An important goal of the rt-xr project is to allow MR and AR headset wearing physical occupants of a sentient space to interact as naturally as possible with virtual users in the same space. A component of this is spatialized sound, where a sound or someone’s voice appears to originate from where it should in the scene. Unity has a variety of tools for achieving this, depending on the platform.
I have standardized on 16 bit, single channel PCM at 16000 samples per second for audio within rt-xr in order to keep implementation simple (no need for codecs) but still keep the required bit rate down. The problem is that the SharingServer has to send all audio feeds to all users – each user needs all the other user’s feeds so that they can spatialize them correctly. If spatialized sound wasn’t required, the SharingServer could just mix them all together on some basis. Another solution is for the SharingServer to just forward the dominant speaker but this assumes that only intermittent speakers are supported. Plus it leads to the “half-duplex” effect where the loudest speaker blocks everyone else. Mixing them all is a lot more democratic.
Another question is how to deal with occupants in different rooms within the same sentient space. Some things (such as video) are turned off to reduce bit rate if the user isn’t in the same room as the video panel. However, it makes sense that you can hear users in other rooms at an appropriate level. The AudioSource in Unity has tools for ensuring that sound levels drop off appropriately.
Spatialized sound currently works on Windows desktop and Windows MR. The desktop version uses the Oculus spatializer as this can support 16000 samples per second. The Windows MR version uses the Microsoft HRTF spatializer which unfortunately requires 48000 samples per second so I have to upsample to do this. This does mess up the quality a bit – better upsampling is a todo.

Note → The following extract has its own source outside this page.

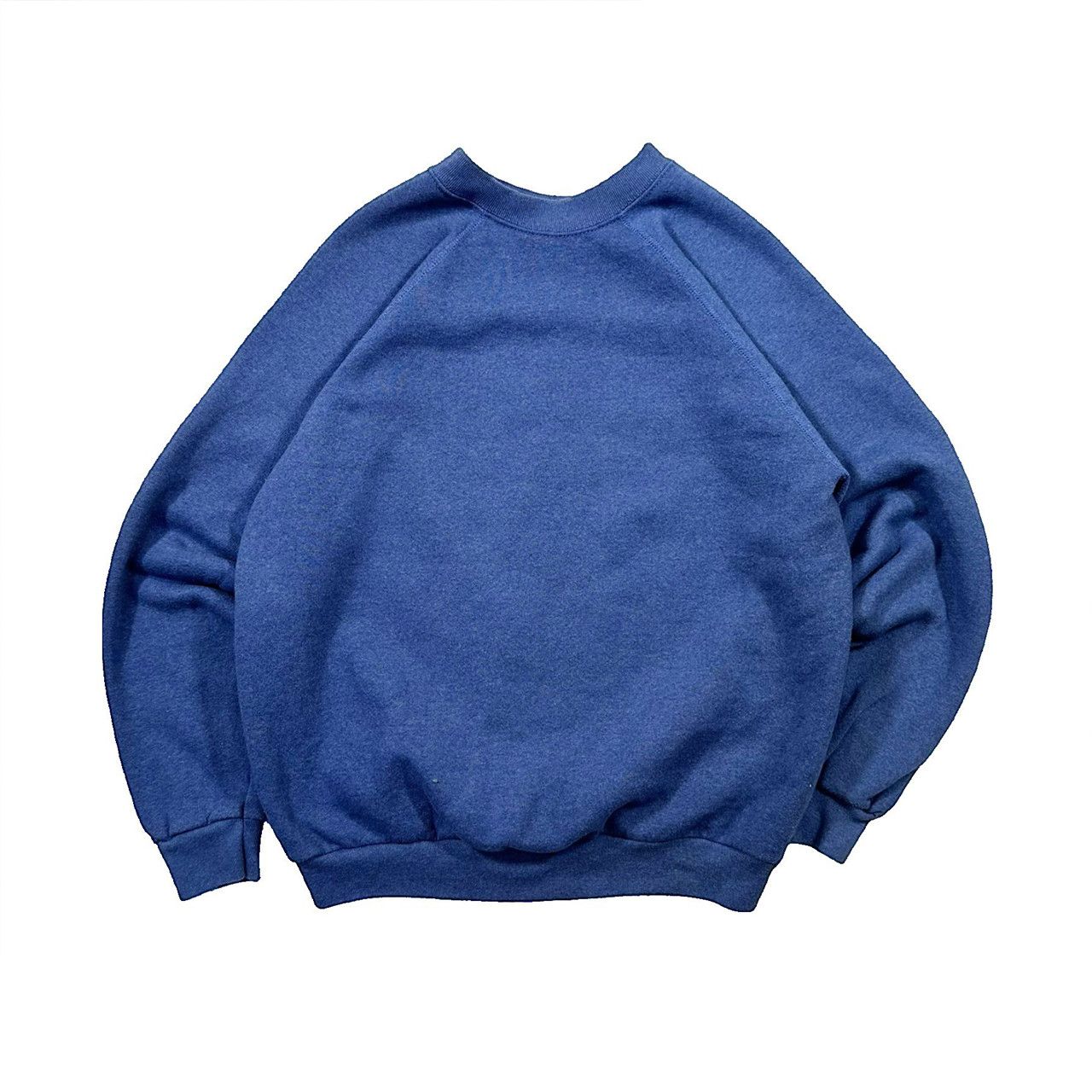 Vintage Vintage 90s Tultex Blank Light Blue Sweater Size US L / EU 52-54 / 3 - 1 Thumbnail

Right now, the SharingServer just broadcasts a standard feed with all audio sources. Individual users filter these in two ways. First of all, they discard their own audio feed. Secondly, if the user is a physical occupant of the space, feeds from other physical occupants are omitted so as to just leave the VR user feeds. Whether or not it would be better to send customized feeds to each user is an interesting question – this could certainly be done if necessary. For example, a simple optimization would be to have two feeds – one for AR and MR users that only contains VR user audio and the current complete feed for VR users. This has the great benefit of cutting down bit rate to AR and MR users whose headsets may benefit from not having to deal with unnecessary data. In fact, this idea sounds so good that I think I am going to implement it!
Next up is getting something to work on Android. I am using native audio capture code on the two Windows platforms and something is needed for Android. There is a Unity technique using the Microphone that, coupled with a custom audio filter, might work. If not, I might have to brush up on JNI. Probably spatialized sound is going to be difficult in terms of panning. Volume rolloff with distance should work however.